Max-Planck-Institut für biophysikalische Chemie, Spektroskopie und Photochemische Kinetik, 37070 Göttingen, Germany.
J Phys Chem A. 2013 Aug 22;117(33):7721-36. doi: 10.1021/jp405530j. Epub 2013 Jul 31.

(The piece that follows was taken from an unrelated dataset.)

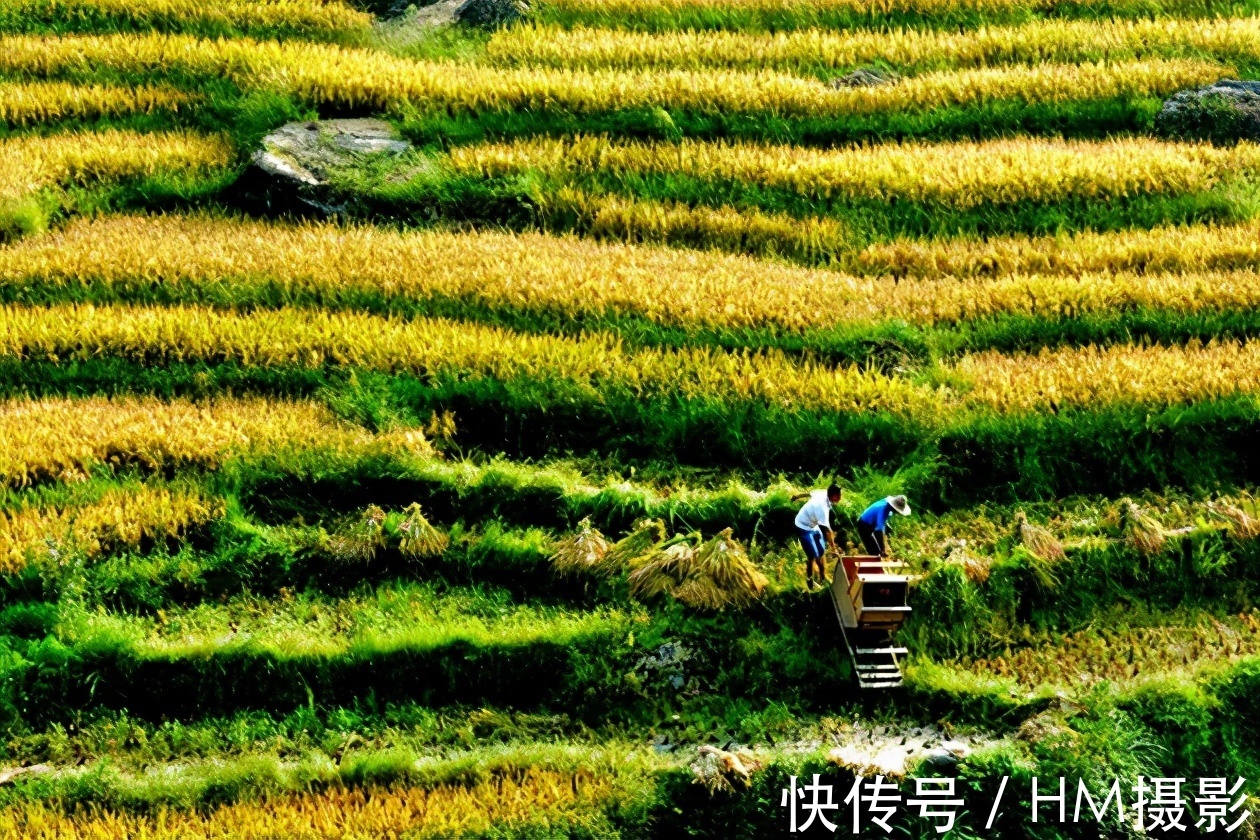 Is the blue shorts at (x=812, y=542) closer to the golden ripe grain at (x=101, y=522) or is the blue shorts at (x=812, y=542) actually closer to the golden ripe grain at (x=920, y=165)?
the golden ripe grain at (x=101, y=522)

Intramolecular charge transfer (ICT) with crystal violet lactone (CVL) in the excited singlet state takes place in solvents more polar than n-hexane, such as ethyl acetate, tetrahydrofuran, and acetonitrile (MeCN). In these solvents, the fluorescence spectrum of CVL consists of two emission bands, from a locally excited (LE) and an ICT state. The dominant deactivation channel of the lowest excited singlet state is internal conversion, as the quantum yields of fluorescence (0.007) and intersystem crossing (0.015) in MeCN at 25 °C are very small. CVL is a weakly coupled electron donor/acceptor (D/A) molecule, similar to an exciplex (1)(A(-)D(+)). A solvatochromic treatment of the LE and ICT emission maxima results in the dipole moments μe(LE) = 17 D and μe(ICT) = 33 D, much larger than those previously reported. This discrepancy is attributed to different Onsager radii and spectral fluorimeter calibration. The LE and ICT fluorescence decays of CVL in MeCN are double exponential. As determined by global analysis, the LE and ICT decays at 25 °C have the times τ2 = 9.2 ps and τ1 = 1180 ps, with an amplitude ratio of 35.3 for LE. From these parameters, the rate constants ka = 106 × 10(9) s(-1) and kd = 3.0 × 10(9) s(-1) of the forward and backward reaction in the LE ⇄ ICT equilibrium are calculated, resulting in a free enthalpy difference ΔG of -8.9 kJ/mol. The amplitude ratio of the ICT fluorescence decay equals -1.0, which signifies that the ICT state is not prepared by light absorption in the S0 ground state, but originates exclusively from the directly excited LE precursor. From the temperature dependence of the fluorescence decays of CVL in MeCN (-45 to 75 °C), activation energies E(a) = 3.9 kJ/mol (LE → ICT) and E(d) = 23.6 kJ/mol (ICT → LE) are obtained, giving an enthalpy difference ΔH (= E(a) - E(d)) of -19.7 kJ/mol, and an entropy difference ΔS = -35.5 J mol(-1) K(-1). These data show that the ICT reaction of CVL in MeCN is not barrierless. The ICT reaction time of 9.2 ps is much longer than the mean solvent relaxation time of MeCN (0.26 ps), indicating, in contrast with earlier reports in the literature, that the reaction is not solvent controlled. This conclusion is supported by the observation of double exponential LE and ICT fluorescence with the same decay times.
分子内电荷转移(ICT)在激发单线态下的结晶紫内酯(CVL)在比正己烷更具极性的溶剂中发生,例如乙酸乙酯、四氢呋喃和乙腈(MeCN)。在这些溶剂中,CVL 的荧光光谱由两个发射带组成,来自局部激发(LE)和 ICT 态。最低激发单线态的主要失活通道是内转换,因为 MeCN 中荧光(0.007)和系间窜越(0.015)的量子产率在 25°C 时非常小。CVL 是一个弱耦合的电子供体/受体(D/A)分子,类似于激基复合物(1)(A(-)D(+))。LE 和 ICT 发射最大值的溶剂变色处理导致偶极矩 μe(LE) = 17 D 和 μe(ICT) = 33 D,远大于以前报道的值。这种差异归因于不同的 Onsager 半径和光谱荧光计校准。在 MeCN 中,CVL 的 LE 和 ICT 荧光衰减是双指数的。通过全局分析确定,LE 和 ICT 在 25°C 下的衰减时间τ2 = 9.2 ps 和τ1 = 1180 ps,LE 的幅度比为 35.3。从这些参数中,计算出 LE ⇄ ICT 平衡中正向和反向反应的速率常数 ka = 106×10(9) s(-1) 和 kd = 3.0×10(9) s(-1),导致自由焓差 ΔG 为 -8.9 kJ/mol。ICT 荧光衰减的幅度比等于-1.0,这表明 ICT 态不是通过 S0 基态的光吸收来制备的,而是源自直接激发的 LE 前体。从 CVL 在 MeCN 中的荧光衰减的温度依赖性(-45 至 75°C),获得了 LE → ICT 的活化能 E(a) = 3.9 kJ/mol 和 ICT → LE 的活化能 E(d) = 23.6 kJ/mol,给出了焓差 ΔH(= E(a) - E(d))为 -19.7 kJ/mol,熵差 ΔS = -35.5 J mol(-1) K(-1)。这些数据表明,CVL 在 MeCN 中的 ICT 反应不是无势垒的。ICT 反应时间为 9.2 ps,远长于 MeCN 的平均溶剂弛豫时间(0.26 ps),这表明与文献中的早期报道相反,该反应不受溶剂控制。这一结论得到了 LE 和 ICT 荧光具有相同衰减时间的双指数衰减的观察结果的支持。